Edward Frederick Leitner, also Friedrich August Ludwig Leitner (4 February 1812, in Stuttgart – 15 January 1838) was a German botanist, naturalist and physician.

At the age of four, his family moved to Schorndorf after the death of his father. Following studies of botany at the University of Tübingen, he moved to the United States after receiving a subsidy from the Society of Natural Sciences in Württemberg. In 1831 he began taking classes at the Medical College of South Carolina in Charleston. In 1833 collected botanical and zoological specimens in Florida, eventually reaching the Florida Keys, during which, he paid a visit to the Dry Tortugas.

In 1834, he graduated from medical college with a dissertation on Hippomane mancinella, subsequently working as a lecturer at the South Carolina Medical Society. In 1836 he returned as a naturalist to the Florida Keys, where in Key West, he joined a military group as a guide and surgeon.
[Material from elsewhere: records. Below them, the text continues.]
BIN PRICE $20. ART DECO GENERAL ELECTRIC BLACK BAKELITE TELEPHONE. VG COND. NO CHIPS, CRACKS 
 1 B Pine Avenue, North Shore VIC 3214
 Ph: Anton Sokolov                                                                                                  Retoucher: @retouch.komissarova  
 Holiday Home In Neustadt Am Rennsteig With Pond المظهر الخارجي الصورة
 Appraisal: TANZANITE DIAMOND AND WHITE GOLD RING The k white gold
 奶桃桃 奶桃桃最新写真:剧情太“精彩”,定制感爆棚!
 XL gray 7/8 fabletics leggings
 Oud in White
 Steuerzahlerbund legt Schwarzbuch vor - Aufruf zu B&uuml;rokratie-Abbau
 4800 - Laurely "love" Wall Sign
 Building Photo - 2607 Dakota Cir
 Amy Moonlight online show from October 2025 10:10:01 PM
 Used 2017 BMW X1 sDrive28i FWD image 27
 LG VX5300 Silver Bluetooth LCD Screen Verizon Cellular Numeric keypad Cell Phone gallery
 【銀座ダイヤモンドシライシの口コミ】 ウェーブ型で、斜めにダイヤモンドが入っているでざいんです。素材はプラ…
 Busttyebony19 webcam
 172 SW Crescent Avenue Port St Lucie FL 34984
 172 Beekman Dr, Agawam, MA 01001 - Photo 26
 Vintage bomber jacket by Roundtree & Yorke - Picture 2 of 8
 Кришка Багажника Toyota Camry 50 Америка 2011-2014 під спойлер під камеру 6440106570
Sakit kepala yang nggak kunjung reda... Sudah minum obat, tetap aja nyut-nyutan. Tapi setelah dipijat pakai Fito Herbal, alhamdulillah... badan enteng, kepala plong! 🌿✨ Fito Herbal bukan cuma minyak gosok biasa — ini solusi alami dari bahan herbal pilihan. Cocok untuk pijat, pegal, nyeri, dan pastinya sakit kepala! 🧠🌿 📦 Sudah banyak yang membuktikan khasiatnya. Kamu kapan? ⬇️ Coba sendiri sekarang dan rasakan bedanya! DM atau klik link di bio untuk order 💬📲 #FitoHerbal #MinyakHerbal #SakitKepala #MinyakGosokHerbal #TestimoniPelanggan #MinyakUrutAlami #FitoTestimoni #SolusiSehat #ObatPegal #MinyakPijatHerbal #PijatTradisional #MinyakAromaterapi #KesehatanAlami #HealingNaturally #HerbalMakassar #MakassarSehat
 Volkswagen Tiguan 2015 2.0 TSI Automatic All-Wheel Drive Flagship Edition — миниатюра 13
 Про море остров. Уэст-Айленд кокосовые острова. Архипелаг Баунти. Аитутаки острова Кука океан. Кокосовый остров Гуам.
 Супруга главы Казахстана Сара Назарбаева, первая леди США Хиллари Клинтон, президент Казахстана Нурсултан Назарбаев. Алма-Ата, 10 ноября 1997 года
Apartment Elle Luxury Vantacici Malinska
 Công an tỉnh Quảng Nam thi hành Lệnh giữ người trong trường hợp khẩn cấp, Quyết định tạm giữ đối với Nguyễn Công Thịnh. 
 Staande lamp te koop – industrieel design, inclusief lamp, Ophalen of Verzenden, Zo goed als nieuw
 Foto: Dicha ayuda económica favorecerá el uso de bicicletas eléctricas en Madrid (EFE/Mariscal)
On 15 January 1838, he was mortally wounded in a skirmish with Seminoles near Jupiter Inlet.

After his death, 800 of his specimens eventually came into the possession of Jean Louis Cabanis, however these were completely destroyed during the bombing of Berlin in 1943. The genus Leitneria is named in his honor, as is the family Leitneriaceae, the latter taxa being circumscribed by George Bentham.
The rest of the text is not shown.